See auditory features.


Here are some options for doing machine listening.


musicbricks is an umbrella project to unify (post hoc) many of the efforts mentioned individually below, plus a few other new ones.

  • Fraunhofer ML software (C++) is part of this project, including such things as

    • Real-Time Pitch Detection
    • MusicBricksTranscriber
    • Goatify Pdf
    • Time Stretch Pitch Shift Library


LibROSA I have been using a lot recently, and I highly recommend it, especially if your pipeline already includes python. Sleek minimal design, with a curated set of algorithms (compare and contrast with the chaos of the vamp plugins ecosystem). Python-based, but fast enough because it uses the numpy numerical libraries well. The API design meshes well with Scikit-learn, the de facto python machine learning standard, and it’s flexible and hackable.

  • see also talkbox for a nice-looking but abandoned (?) alternative, which is nonetheless worth it for Alexander Schindler’s lovely MIR lecture based around it.

  • amen is a remix program built on librosa


SonicAnnotator seems to be about cobbling together vamp plugins for batch analysis. That is more steps that I want in an already clunky workflow in the current projects It’s also more about RDF ontologies where I want matrices of floats.


For C++ and Python there is Essentia, as seen in Freesound, which is a high recommendation IMO. (Watch out, the source download is enormous; just shy of half a gigbyte.) Features python and vamp integration, and a great many algorithms.

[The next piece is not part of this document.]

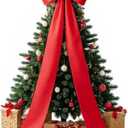 Giant Bow Christmas Tree Topper Decoration Large Red Bows for Christmas Tree Satin Bow for Dress Accessories Big Bows for Christmas Decoration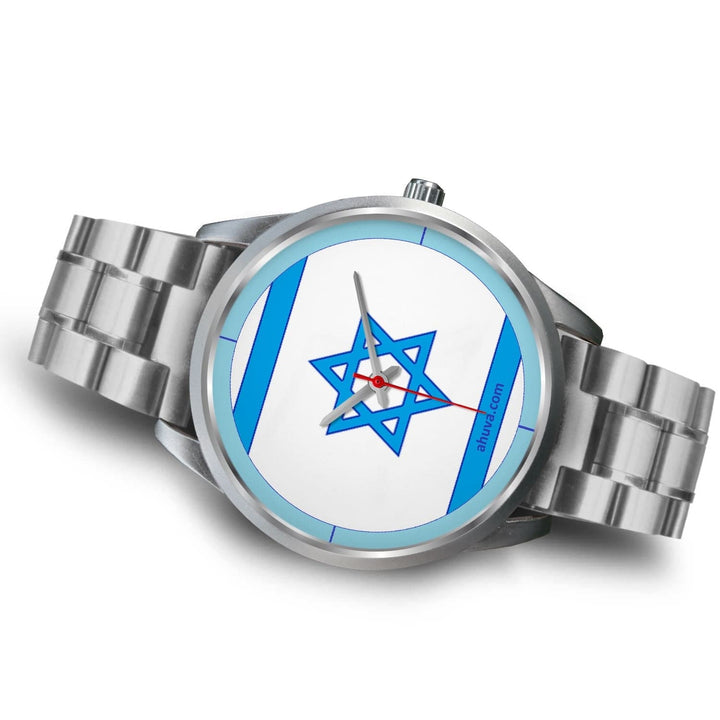 Israel Flag Hand Watch - Silver Silver Watch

I haven’t given it a fair chance because LibROSA has been such a joy to use. However, the intriguing Dunya project is based off it.


echonest is (was?) a proprietary system that was used to generate the Million Songs Database. Seems to be gradually decaying, and was bought up by spotify. has great demos, such as autocanonisation.



is a tool designed for the extraction of annotations from audio signals. Its features include segmenting a sound file before each of its attacks, performing pitch detection, tapping the beat and producing midi streams from live audio.…

aubio currently provides the following features:

  • digital filters
  • phase vocoder
  • onset detection (several methods)
  • pitch tracking (several methods)
  • beat and tempo tracking
  • mel frequency cepstrum coefficients (MFCC)
  • transient / steady-state separation

…aubio is written in C and is known to run on most modern architectures and platforms.

The Python interface has been written in C so that aubio arrays can be viewed directly in Python as NumPy arrays. This makes the aubio module quite efficient, not to say fast.



RP extract


phonological corpus tools

Speech-focussed, phonological corpus tools is another research library for largeish corpus analysis, similarity-classification etc. As presaged, I’m not really here for speech stuff.

Metamorph, smstools

John Glover, soundcloud staffer, has several analysis libraries culminating in Metamorph,

a new open source library for performing high-level sound transformations based on a sinusoids plus noise plus transients model. It is written in C++, can be built as both a Python extension module and a Csound opcode, and currently runs on Mac OS X and Linux.

It is designed to work primarily on monophonic, quasi-harmonic sound sources and can be used in a non-real-time context to process pre-recorded sound files or can operate in a real-time (streaming) mode.

See also the related spectral modeling and synthesis package, smstools.

Sinusoidal modelling with simplsound

“sinusoidal modelling”: Simplsound (Glover, Lazzarini, and Timoney 2009) is a python implementation of that technique.


If you use a lot of Supercollider, you might like SCMIR, a native supercollider thingy. It has the virtues that

  • it can run in realtime, which is lovely.

It has the vices that

  • It runs in Supercollider, which is a backwater language unserviced by modern development infrastructure, or decent machine learning libraries, and

  • a fraught development process; I can’t even link directly to it because the author doesn’t provide it its own anchor tag, let alone a whole web page or source code repository. Release schedule is opaque and sporadic. Consequently, it is effectively a lone guy’s pet project, rather than an active community endeavour.

    That is to say this is the Etsy sweater of MIR. If on balance this sounds like a snug deal to you, you can download SCMIR from somewhere or other on Nick Collins’ homepage.